Note: Correction - the code returns AttributeError: 'str' object has no attribute 'drop_duplicates'
I am trying to loop through a number of dfs and reduce my 'user_id' column to only unique values using the
df.drop_duplicates(subset =['user_id']
function.
I need this to be a global change and am trying to incorporate it into my function that imports .csv files and assigns them to their file name. This works perfectly but when I try and add the drop_duplicates function, it doesn't seem to do anything:
def assign_vars(files = os.listdir()):
# Make list of variable names using file name
variables = [make_var(file) for file in files]

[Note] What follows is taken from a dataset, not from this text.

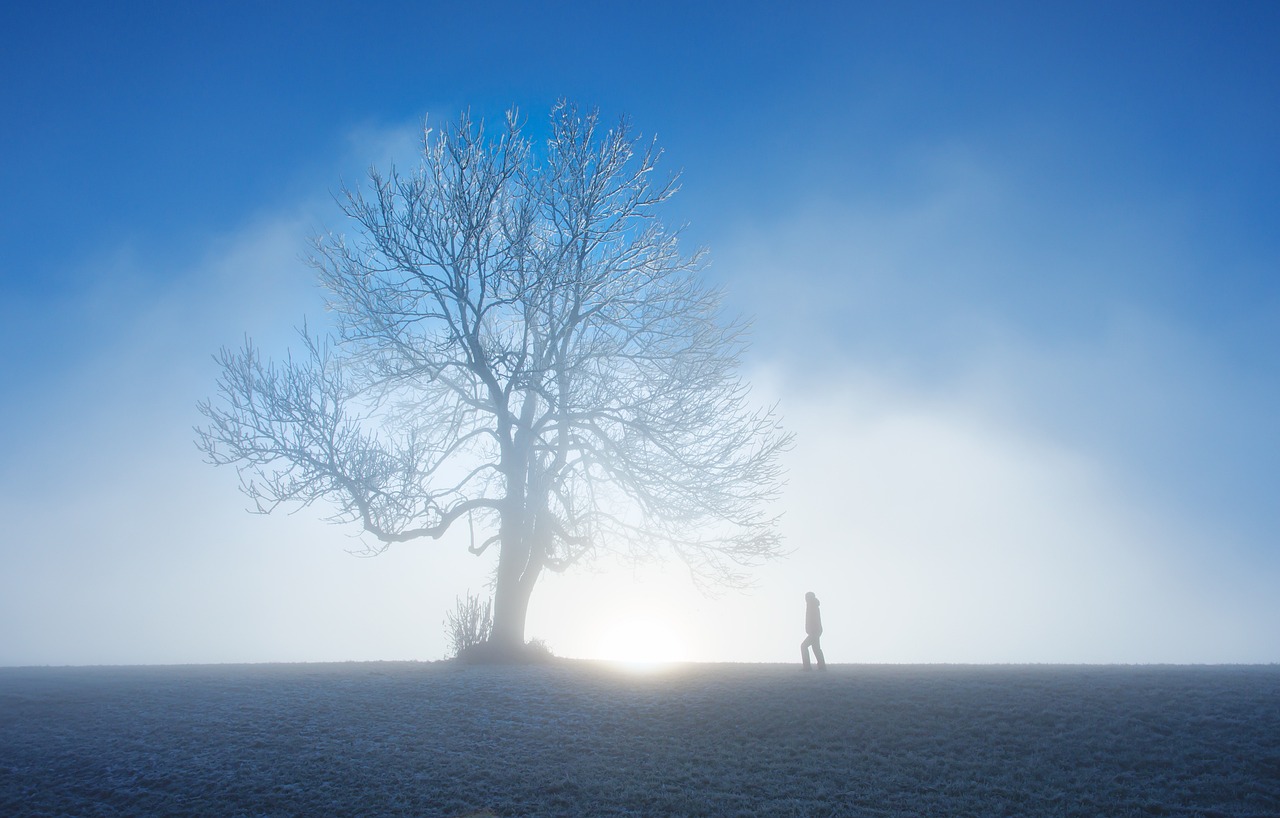 Winter Blues: Finding Light in the Darkest Days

# Start list to place dfs into
dfs = []
for var,file in zip(variables,files):
# Use globals to assign dfs to file names
globals()[var] = pd.read_csv(file)
#<<1>>
# Add each newly made df var to a list
dfs.append(var.drop_duplicates(subset =['user_id'])) # rmv duplicates
return print('Your variables are: ',sorted(dfs))
This returns an attribute error.It seems that the var is being treated as a str instead of a df
When I len()
a df, they remain the same as before. Even though when I individually df.drop_duplicates
they shorten in len()
by about 70%.
Alternatively, I have tried to make a mid object at <<1>> and then .drop_duplicates
. This doesn't work and I believe its because the change is staying local.